We are OK not having the absolute highest interest rate offering. Our position is:

* The Mercury product is much better than what most banks offer, across features like searching transactions, WebAuthn logins, virtual cards, etc (You can try the whole website at https://demo.mercury.com/)

* Mercury is much better optimized for startups (eg compliance that understands startup needs, doesn't ask your CEO to go into a branch to send wires)

You can always get a higher interest rate by eg buying treasuries yourself. Our position is for most founders, investing in these mutual funds is a safe, no-brainer options that optimizes for safety while keeping the convenience of a single dashboard.

I get this line of thinking, but I also think there's a counterargument that we're all on notice now that banks can go under.
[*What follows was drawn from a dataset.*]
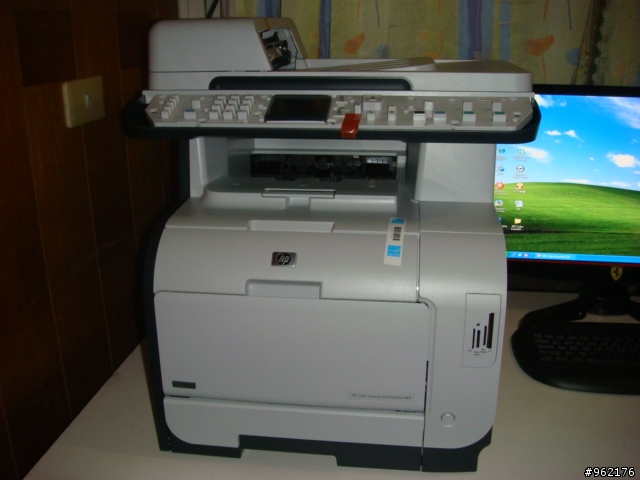 HP Color LaserJet CM2320 fxi MFP之不專業開箱照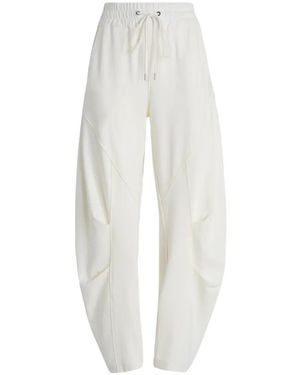 High Skittle Side-Pockets Track Pants - White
As commenters in other threads have noted, people are rebalancing their personal and business accounts right now. Companies like Roku probably won't have $400M at one institution anymore (without outside insurance). That means that if this happens again, many of the people who would have been screwed without a backstop this time around will be in the clear next time. There won't be as much pressure applied by high-level executives and lobbyists, so, as the saying goes, "past performance is not a guarantee of future results".
to be safe?
How is this safer than the alternative? There's no world in which the FDIC lets a bank the size of SVB default on it's deposits, so there are basically 2 scenarios here:

1) You get bailed out no matter what your insurance rate

2) Defaults are at such a high rate that the FDIC doesn't have the money to bail everyone out, the economy tanks, and all businesses that rely on risky VC investment fail anyway

It's like betting $100 on something that won't happen until you're dead. Sure, you might be correct, but there's no real benefit to it.